A lot later, I bought a box set of Rat Ogres and Giant Rats, when I was filling out my assortment of dungeon dangers. I blogged about it a while ago here. I was inspired by Monty Python's Spanish Inquisition when I painted up the Clan WhateverblahblahWHFluff handlers. Because if I'm anything at all, I'm a huge nerd.

And that's that about my rats.

Saturday, March 31, 2018

Fantasy Furniture

Been doin' a little recreational painting the past couple days. Nothin' too dramatic, just workin' on my backlog.

Yesterday I decided to have a go at getting a bunch of dungeon set pieces I'd accumulated painted up. The treasure piles were my most recent acquisition, gotten with the idea that I ought to have some metaphorical carrots to go with all the monsters wielding their sharp, pointy sticks.
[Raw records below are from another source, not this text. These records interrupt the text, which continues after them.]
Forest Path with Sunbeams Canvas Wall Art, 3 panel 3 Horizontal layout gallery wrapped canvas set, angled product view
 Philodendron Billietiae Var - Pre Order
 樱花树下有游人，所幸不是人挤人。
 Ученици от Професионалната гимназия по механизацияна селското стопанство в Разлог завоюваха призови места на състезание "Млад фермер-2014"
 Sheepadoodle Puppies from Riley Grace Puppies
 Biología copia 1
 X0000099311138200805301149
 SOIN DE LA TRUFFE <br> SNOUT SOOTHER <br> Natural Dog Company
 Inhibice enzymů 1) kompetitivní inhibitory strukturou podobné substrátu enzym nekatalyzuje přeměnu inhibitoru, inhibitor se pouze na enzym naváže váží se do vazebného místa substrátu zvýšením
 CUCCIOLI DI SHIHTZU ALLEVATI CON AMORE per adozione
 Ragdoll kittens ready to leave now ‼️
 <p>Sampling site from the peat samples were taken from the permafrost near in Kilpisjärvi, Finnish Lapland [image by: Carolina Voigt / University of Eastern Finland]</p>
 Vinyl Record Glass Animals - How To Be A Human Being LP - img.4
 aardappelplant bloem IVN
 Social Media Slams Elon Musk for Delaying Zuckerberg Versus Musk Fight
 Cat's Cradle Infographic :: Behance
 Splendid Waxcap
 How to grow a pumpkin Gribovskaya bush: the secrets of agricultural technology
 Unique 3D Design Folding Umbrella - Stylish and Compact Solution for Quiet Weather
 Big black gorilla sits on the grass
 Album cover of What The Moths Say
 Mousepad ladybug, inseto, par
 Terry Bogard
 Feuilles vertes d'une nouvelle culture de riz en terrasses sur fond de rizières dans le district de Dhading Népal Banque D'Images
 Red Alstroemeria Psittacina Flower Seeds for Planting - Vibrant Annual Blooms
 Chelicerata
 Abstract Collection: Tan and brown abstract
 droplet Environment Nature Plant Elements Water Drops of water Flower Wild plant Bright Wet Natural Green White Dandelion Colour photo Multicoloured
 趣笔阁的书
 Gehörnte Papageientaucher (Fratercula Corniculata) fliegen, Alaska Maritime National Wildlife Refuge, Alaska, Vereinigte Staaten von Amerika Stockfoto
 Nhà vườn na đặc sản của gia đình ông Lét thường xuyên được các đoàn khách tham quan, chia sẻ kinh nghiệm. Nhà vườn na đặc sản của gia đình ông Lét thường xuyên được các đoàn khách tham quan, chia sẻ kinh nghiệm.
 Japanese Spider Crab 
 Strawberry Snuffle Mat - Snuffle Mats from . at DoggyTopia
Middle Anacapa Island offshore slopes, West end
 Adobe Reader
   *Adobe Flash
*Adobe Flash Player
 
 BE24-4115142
Although I think when you've moved from collecting characters and monsters to collecting set pieces you've kinda turned a corner. Ah well. C'est la donjon.

Here's a couple more shots:




Friday, February 16, 2018

This one's a real looker...

This guy got painted up over the past week while I was working on other stuff. Another pretty iconic D&D critter a la Reaper. He was an impulse purchase, once again driven by the fact that Bones are so wonderfully cheap, and has been sitting in my backlog box for a long time.

I've never run a game with a Beholder in it, although I guess I'm more than adequately equipped to do so now. I tend to reserve those rounded bases for more science fiction themed minis, but I think this guy could play in a variety of sandboxes, depending on the situation.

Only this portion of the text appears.